Luc tentou abraçá-la mas ela afastou-se e abriu a porta do frigorífico fingindo procurar algo.

- Não mais que comigo mesma.
- Fui injusto para contigo. Não devia de descarregar a minha frustração em ti.
- Não devias, mas foi o que fizeste. Os homens acham que basta-nos abrir as pernas, ou mostrar os peitos e temos todos os problemas resolvidos.
- Não disse isso !
- Disseste que era mais fácil!
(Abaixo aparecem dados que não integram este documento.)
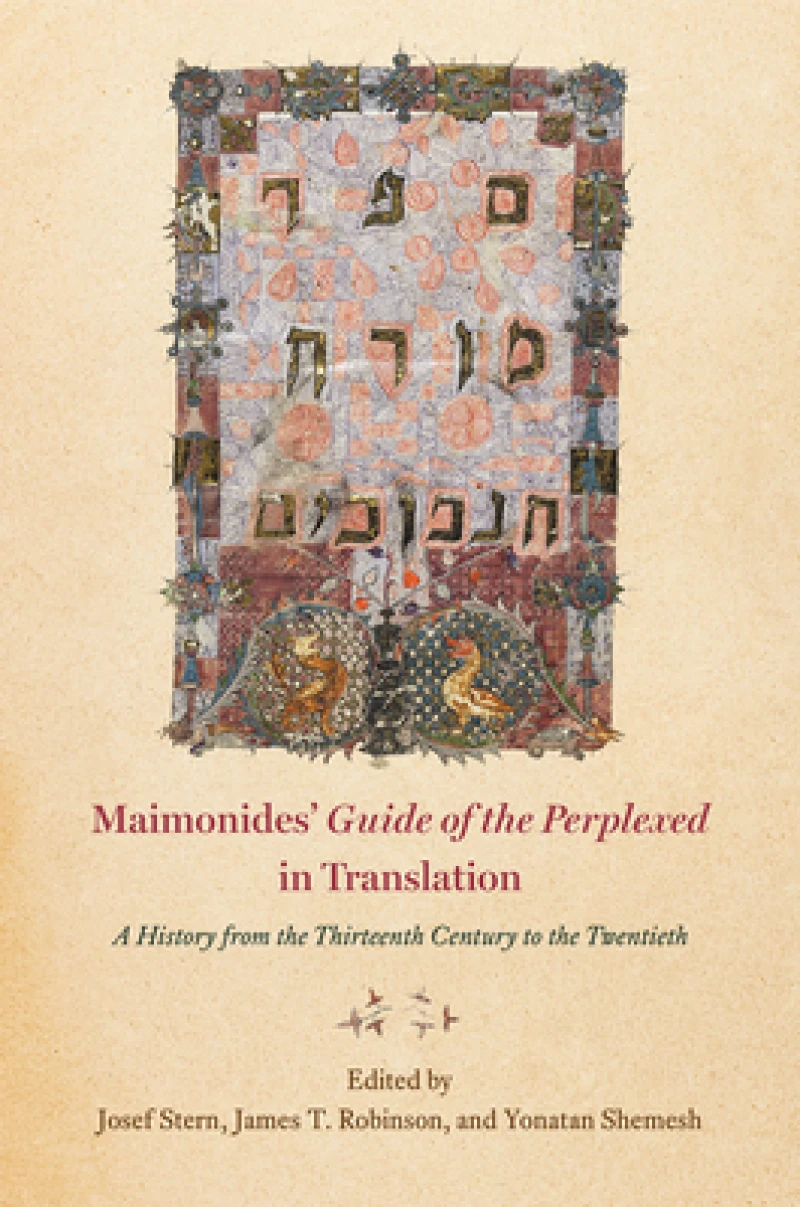 Maimonides' "guide of the Perplexed" in Translation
É a mesma coisa ! E eu devia de recordar que estás a recuperar, e não andar a esfregar-me em ti!
- Gostei que te esfregasses em mim .
- Pois espero que tenhas aproveitado, pois juro-te que não vou voltar a...

Luc beijou-a interrompendo a promessa dela. Assim que a boca dele se apoderou da dela, rodeou o pescoço dele e esqueceu a promessa que estava a fazer. E quando as costas embateram na parede, ela soube que estava perdida. Naquele momento soube, com toda a certeza que nunca lhe iria resistir.